START Supplied records

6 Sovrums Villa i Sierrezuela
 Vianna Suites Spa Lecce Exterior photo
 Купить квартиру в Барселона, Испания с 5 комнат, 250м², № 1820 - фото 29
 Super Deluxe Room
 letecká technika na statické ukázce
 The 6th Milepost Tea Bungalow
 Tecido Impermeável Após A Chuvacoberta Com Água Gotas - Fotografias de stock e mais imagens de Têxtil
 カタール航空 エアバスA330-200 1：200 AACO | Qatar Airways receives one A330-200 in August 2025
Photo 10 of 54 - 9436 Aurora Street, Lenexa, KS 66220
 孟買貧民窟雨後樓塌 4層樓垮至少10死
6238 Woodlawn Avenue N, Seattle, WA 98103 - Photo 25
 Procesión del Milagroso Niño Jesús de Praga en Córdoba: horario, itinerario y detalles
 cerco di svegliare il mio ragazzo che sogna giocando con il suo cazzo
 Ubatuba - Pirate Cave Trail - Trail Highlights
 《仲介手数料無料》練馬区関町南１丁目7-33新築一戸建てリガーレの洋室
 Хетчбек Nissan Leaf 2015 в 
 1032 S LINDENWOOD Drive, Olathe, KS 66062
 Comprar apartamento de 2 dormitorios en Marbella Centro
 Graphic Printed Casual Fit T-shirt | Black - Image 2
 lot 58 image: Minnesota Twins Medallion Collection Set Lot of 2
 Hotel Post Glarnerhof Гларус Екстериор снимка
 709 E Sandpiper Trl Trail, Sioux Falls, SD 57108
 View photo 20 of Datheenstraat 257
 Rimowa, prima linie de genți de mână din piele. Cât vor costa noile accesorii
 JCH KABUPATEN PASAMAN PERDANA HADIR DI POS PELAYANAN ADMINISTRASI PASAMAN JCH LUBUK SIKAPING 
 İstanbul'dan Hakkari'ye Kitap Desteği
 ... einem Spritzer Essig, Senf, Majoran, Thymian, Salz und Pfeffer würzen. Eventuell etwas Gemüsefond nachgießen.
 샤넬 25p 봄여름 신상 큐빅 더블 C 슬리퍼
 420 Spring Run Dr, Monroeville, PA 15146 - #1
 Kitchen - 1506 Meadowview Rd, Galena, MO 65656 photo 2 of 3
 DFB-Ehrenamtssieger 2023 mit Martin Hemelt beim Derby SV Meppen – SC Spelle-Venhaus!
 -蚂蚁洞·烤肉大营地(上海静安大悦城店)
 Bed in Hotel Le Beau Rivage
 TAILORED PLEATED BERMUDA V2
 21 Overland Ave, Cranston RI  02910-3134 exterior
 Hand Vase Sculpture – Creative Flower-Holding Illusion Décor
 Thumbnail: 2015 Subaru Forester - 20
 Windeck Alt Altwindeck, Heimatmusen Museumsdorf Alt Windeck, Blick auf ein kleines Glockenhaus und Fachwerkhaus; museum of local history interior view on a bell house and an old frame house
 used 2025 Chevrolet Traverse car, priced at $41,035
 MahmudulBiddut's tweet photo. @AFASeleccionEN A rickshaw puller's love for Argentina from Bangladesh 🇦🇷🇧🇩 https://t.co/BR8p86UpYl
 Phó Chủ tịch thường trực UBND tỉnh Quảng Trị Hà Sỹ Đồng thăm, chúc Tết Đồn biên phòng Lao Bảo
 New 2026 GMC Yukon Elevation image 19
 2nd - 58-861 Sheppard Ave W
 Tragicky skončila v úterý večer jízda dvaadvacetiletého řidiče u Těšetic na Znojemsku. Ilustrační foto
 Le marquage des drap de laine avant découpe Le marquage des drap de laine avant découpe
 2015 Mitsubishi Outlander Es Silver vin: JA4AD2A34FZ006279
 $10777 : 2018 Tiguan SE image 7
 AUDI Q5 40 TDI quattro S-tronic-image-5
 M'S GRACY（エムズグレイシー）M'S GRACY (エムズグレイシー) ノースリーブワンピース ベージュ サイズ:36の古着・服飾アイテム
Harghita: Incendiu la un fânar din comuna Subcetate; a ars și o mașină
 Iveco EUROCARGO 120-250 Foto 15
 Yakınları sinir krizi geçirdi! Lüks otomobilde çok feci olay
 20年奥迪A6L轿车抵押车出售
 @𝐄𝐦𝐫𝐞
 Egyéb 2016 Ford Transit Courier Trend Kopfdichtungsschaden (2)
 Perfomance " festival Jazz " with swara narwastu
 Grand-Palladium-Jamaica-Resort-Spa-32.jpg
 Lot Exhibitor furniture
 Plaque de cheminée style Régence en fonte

END Supplied records

* [Assignment]
Exactly as written, repeat each line from the beginning of the data above to the line containing "Tecido Impermeável Após", inclusive.

* [Task output]
6 Sovrums Villa i Sierrezuela
 Vianna Suites Spa Lecce Exterior photo
 Купить квартиру в Барселона, Испания с 5 комнат, 250м², № 1820 - фото 29
 Super Deluxe Room
 letecká technika na statické ukázce
 The 6th Milepost Tea Bungalow
 Tecido Impermeável Após A Chuvacoberta Com Água Gotas - Fotografias de stock e mais imagens de Têxtil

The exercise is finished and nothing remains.